The horizontal borders represent layers of abstraction on which structures above are built. We're focusing on data structures optimized for storage and retrieval.

Part I notes

- arrays
- linked lists
- stacks & queues
- priority queues
- trees

Part II notes

- hash tables
- dictionaries
- block chain

### Hash Tables

Dream data retrieval scenario: we know the index in an array where our data would be if it were in the array

A hash function is a mathematical function that maps keys to integers.

- For each key:
- map the key to a large integer
- take the modulo of that integer by a constant

- This his provides a fixed-length hash with the following properties:
- every key can be assigned a hash value
- two equal keys will have the same hash value
- with a good hash function, most unequal keys will have different hash values

- For each key:

A hash table then uses that index to store and retrieve the value of a key.

What to do in the event of a collision of hash values from two unequal keys?

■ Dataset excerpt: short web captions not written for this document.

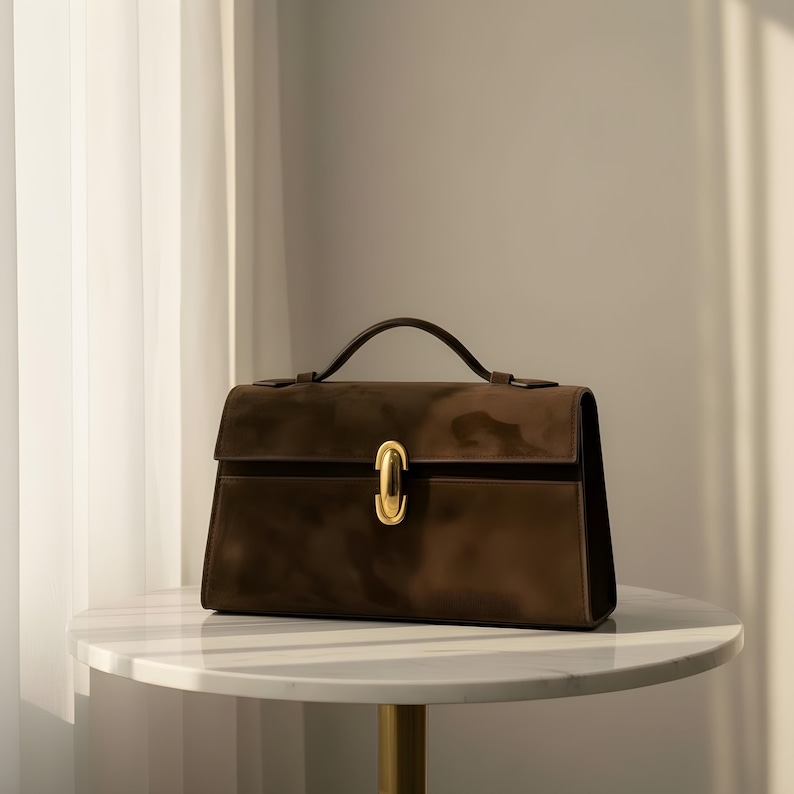 K&ouml;nnte beinhalten: Eine braune Handtasche mit goldenem Verschluss und Griff. Die rechteckige Tasche hat ein strukturiertes Design und steht auf einem wei&szlig;en Marmortisch. Der Griff ist dunkelbraun, und die Tasche scheint aus Wildleder oder einem &auml;hnlichen Material zu sein.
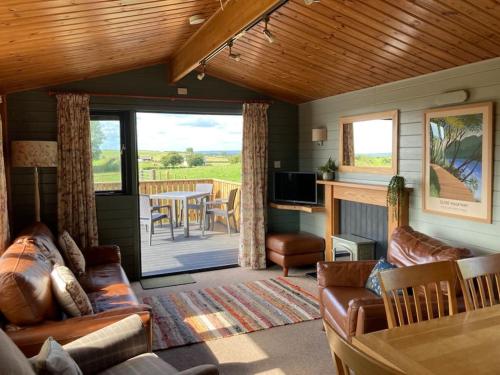 Carluke的住宿－The Lodge at Blackhill Farm，带沙发的客厅和用餐室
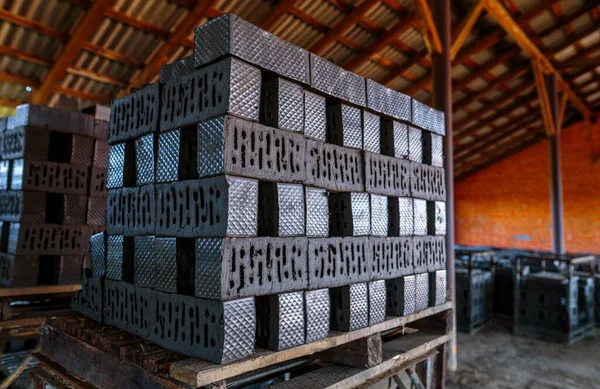 Production of clay bricks at a brick factory. Molded bricks stacked on pallets are dried before being sent to the kiln for firing.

Values can be chained together in a bucket:

- Pros and Cons of chaining
- It's simple and flexible.
- But pointers take space
- And we have to follow them while the cache is already warm with adjacent buckets

Is there a way we could use the empty, adjacent spaces to hold collided values?

Yes, open addressing:

- The simplest approach is sequential probing
- insert item into the next open space in the table
- this creates a 'run' of adjacent occupied spaces
- upon deletion, re-insert every item following the gap

- Pros and cons of sequential probing
- traversal is faster if there are collisions
- deletion requires O(n) re-hashing or lost space to a tombstone

Efficiency of a chained hash table with doubly linked list

and n keys in a table of m buckets

expected | worst case | balanced tree | |
---|---|---|---|

search | O(n/m) |
O(n) | O(lg n) |

insert | O(1) |
O(1) | O(lg n) |

delete | O(1) |
O(1) | O(lg n) |

successor | O(n+m) | O(n+m) | O(lg n) |

predecessor | O(n+m) | O(n+m) | O(lg n) |

minimum | O(n+m) | O(n+m) | O(lg n) |

maximum | O(n+m) | O(n+m) | O(lg n) |

- Hashing algorithms can be optimized for different use cases:
- Rabin-Karp
- particularly good at finding any one of a set of sub-strings of a text
- average O(n+m) with text of length n and substrings of combined length m
- worst-case O(nm) with high collision

- Knuth-Morris-Pratt
- faster for single pattern matching, O(n)

- Rabin-Karp

#### Dictionaries

- key-value storage structure like the word and definition in a dictionary
- provide the same operations as the other structures we've seen, with focus on
- search
- insert
- delete

- min and max allow dictionary to serve as a priority queue on the values of keys
predecessor and successor allow iteration through the dictionary

can be implemented with any of data structures we've seen

- especially well suited to bsts and hash tables

#### Block Chain

We want to transmit ordered blocks of data and know if any of them have been modified or reordered. Hashing can help.

- In the case of block n
- append the identifier of block n-1 to your current block data
- compute the hash of this new concatenated string
- if it below a target value (if it has a certain number of leading zeros)
- this is the identifier of block n

- otherwise, calculate a nonce (a value used on one occasion)
- the hash of block n-1's identifier, the block data, and the nonce is below the target value.
- The resulting hash below that value is the block n's identifier.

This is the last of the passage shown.